С приближением часа обеда вокруг появляется все больше и больше курсантов. Одеты они в камуфляж армии США. На головах кепи. У командиров-офицеров черные береты. Курсанты-девушки носят длинные волосы, которые выбиваются наружу из-под головных уборов, спадают на плечи. Здесь из курсантов пятнадцать процентов – девушки. За плечами курсантов черные штатные рюкзаки. Некоторые в руках несут бумажные пакеты с ручками или книги под мышкой. Никакого перемещения строем, кучками, попарно и в одиночку. Здесь у каждого курсанта расписан персональный рабочий график, и каждый перемещается самостоятельно.
Некоторые из проходящих мимо нас курсантов, услышав нашу русскую речь, улыбаются и машут рукой:
– Кэк дэля? Хореше?
Я машу им в ответ:
– Хорошо!
Нам улыбаются.
Сопровождающий офицер указывает мне на группу курсантов в таком же, как у всех, камуфляже, но в белых перчатках. У них в руках шпаги. У одних эти шпаги висят у левой ноги, вдоль бедра. Без ножен. Другие этими шпагами фривольно машут, играются. Клинки, отражая солнечные лучи, мелькают, блестят. Я замечаю несколько таких групп со шпагами.
– Что это за парад?
Офицер разводит руками.
– Построение перед обедом. Общее, всей академии.

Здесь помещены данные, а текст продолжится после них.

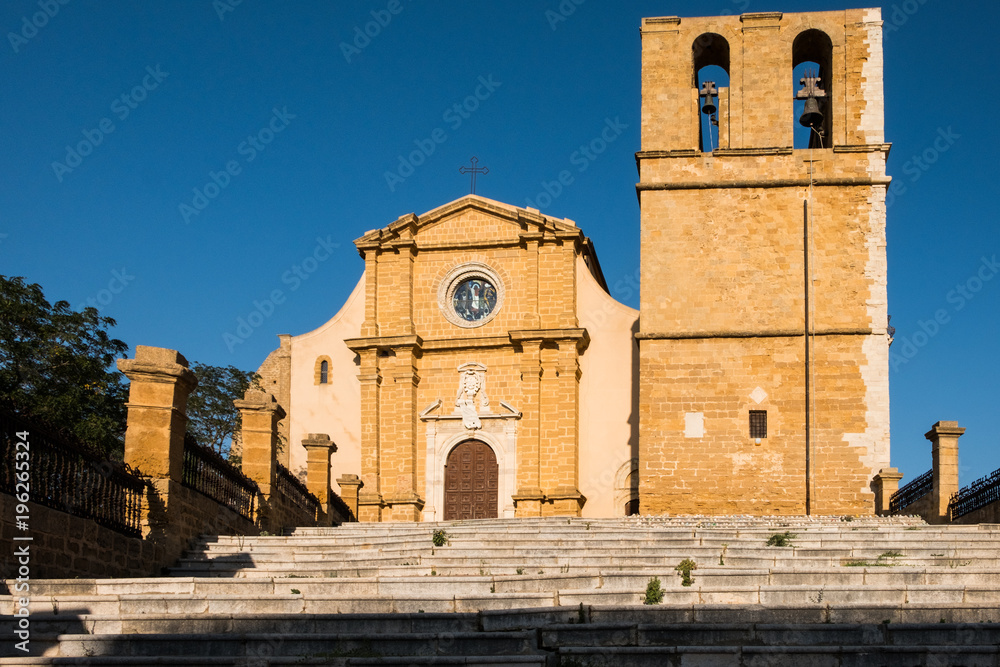 Fototapeta premium The illuminated facade of the cathedral of Agrigento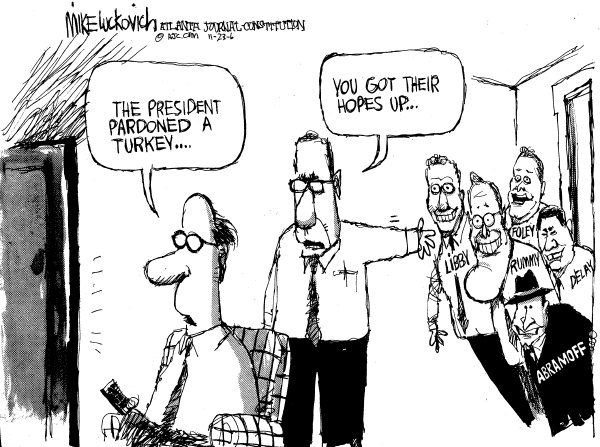 Editorial Cartoon by Mike Luckovich, Atlanta Journal-Constitution on President Stays the Course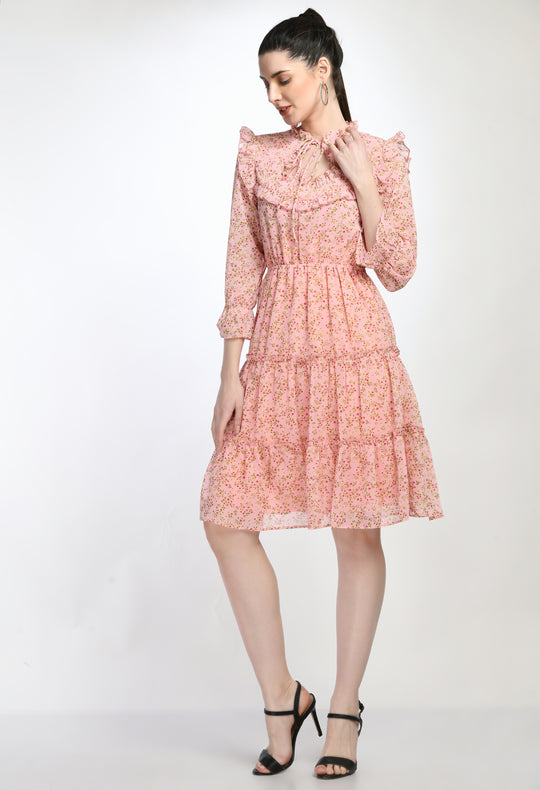 Floral Print Pink Tiered Mini Dress with Ruffle Details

Курсанты, скрываясь в воротах с поклажей, возвращаются уже без пакетов и рюкзаков. Народу собирается все больше и больше. Без громких команд люди сбиваются в большие группы. Ждут. Сто человек, двести, триста, тысяча, две… Массивные деревянные ворота, ведущие внутрь курсантской столовой, уже распахнуты. Наконец все строятся, как я понял, поротно. Там-сям, не в одну линию. У каждой роты свои курсанты со шпагами и свой флаг. Маленький, размером больше напоминающий хоругвь, нежели знамя. Полотнища флагов все одинаковые – вверху полоса грязно-желтая, внизу светло-коричневая. В центре – номер подразделения.
У каждой роты стоит офицер в черном берете. Естественно, он стоит, заложив руки за спину. Это международная стойка. Человек, стоящий или расхаживающий, заложив руки за спину, как бы дает понять: «Ребята, я сейчас вынужденно спокоен. При первой же возможности я вам дам про… прокашляться!»
Перед строем каждой роты появляется курсант со шпагой. Он выхватывает ее из кольца на ремне и тыкает острием в небо. Разворачивается спиной к строю. Стоящие в строю курсанты тем временем принимают стойку, которая в нашей армии называется «атлетической» – ноги на ширине плеч и руки, опять же, за спину. Мы так стоим только на спортивных занятиях, ожидая в строю своего выхода к брусьям или к перекладине. Ну, что-то типа:
– Курсант Сладков!
– Я!
– К снаряду!
– Есть!
Ну и, допустим, я, получив эту команду, естественно, выхожу из строя, повисаю на перекладине и начинаю творить гимнастические чудеса. Здесь же, в Вест-Пойнте, курсанты, застыв в такой позе, ждут команды идти на обед.
Итак, американские курсантские роты замерли. На поляну по-деловому выходит оркестрик. Три трубы и два барабана. У нас бы, я уверен, при таком стечении военнослужащих обязательно присутствовал бы целый полковой коллектив.